At a conference in San Antonio in 2007, Doug Reeves asked participants to determine the unit or topic grade a student should receive given the data in Figure 1.1, using each of three grading scales. The grades in Figure 1.1 are all on the same topic or skill, all comprehensive, and all of the same weight (all tests, or all labs, or all demonstrations). Note that under Method 1, the method most often used in the United States, the student receives a failing grade in spite of strong performances near the culmination of the unit or grading period. On the other hand, by changing nothing but the intervals between scores (Method 2), the student receives a C− for the same level of performance.

Figure 1.1. Topic Grades as Determined by Various Grading Methods

Grades in Chronological Order

Method 1 70 (D), 80 (C), 90 (B), 100 (A)

Method 2 0 (F), 1 (D), 2 (C), 3 (B), 4 (A)

Method 3 Teacher Judgment

C

80

2

C

80

2

MA

0

0

D

70

1

C

80

2

B

90

3

MA

0

0

MA

0

0

B

90

3

A

100

4

Topic Grade

59% (F)

1.7 (C−)

?

MA = missing assignment

Source: Used with permission. Adapted from Elements of Grading: A Guide to Effective Practice (2nd ed.) by Douglas Reeves. Copyright 2016 by Solution Tree Press, 555 North Morton Street, Bloomington, IN 47404, 800.733.6786, SolutionTree.com. All rights reserved.

It should be obvious that for students in this or similar situations, the scale the teacher uses to calculate a final topic grade makes the difference between passing and failing the topic—and perhaps between graduating or dropping out of school. If your son or daughter were in this class and struggling, would it be OK with you if the computer assigned him or her to a teacher using Method 1 when a teacher of the same course across the hall used Method 2—and if the principal defended the process in the name of academic freedom for teachers?

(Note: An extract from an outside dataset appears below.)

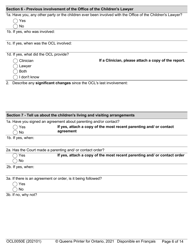 Form OCL0050E Intake Form - Ontario, Canada, Page 8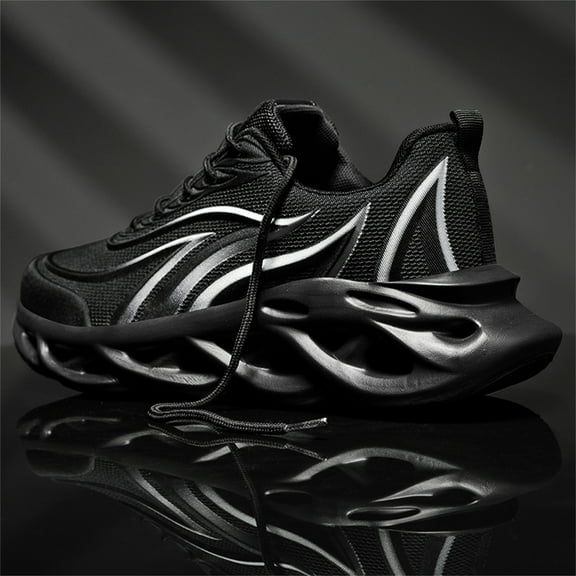 YYTLCH Air Cushion Sneakers for Men Mesh Breathable Walking Sport Youth Fashion Running Athletic Shoes Black Red Sneaker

Using your teacher judgment (Method 3), what final topic grade would you give this student, unencumbered by a district-mandated grading scale, if the criterion were assigning a grade that best reflects the student's demonstrated mastery of topic content and skills at the end of instruction? Posing this question to thousands of teachers and administrators at workshops and conferences over the last decade consistently yields results of more than half of each group indicating a grade of A or B based on the student's growth and performance at the conclusion of instruction.

Depending on the scale and method of grading chosen by individual teachers, a student could earn anything from an A to an F for the same academic performance. So much for the accuracy, objectivity, and fairness of traditional grading practices.

Why do we insist on using an assessment and grading system that yields results that fly in the face of teacher judgment?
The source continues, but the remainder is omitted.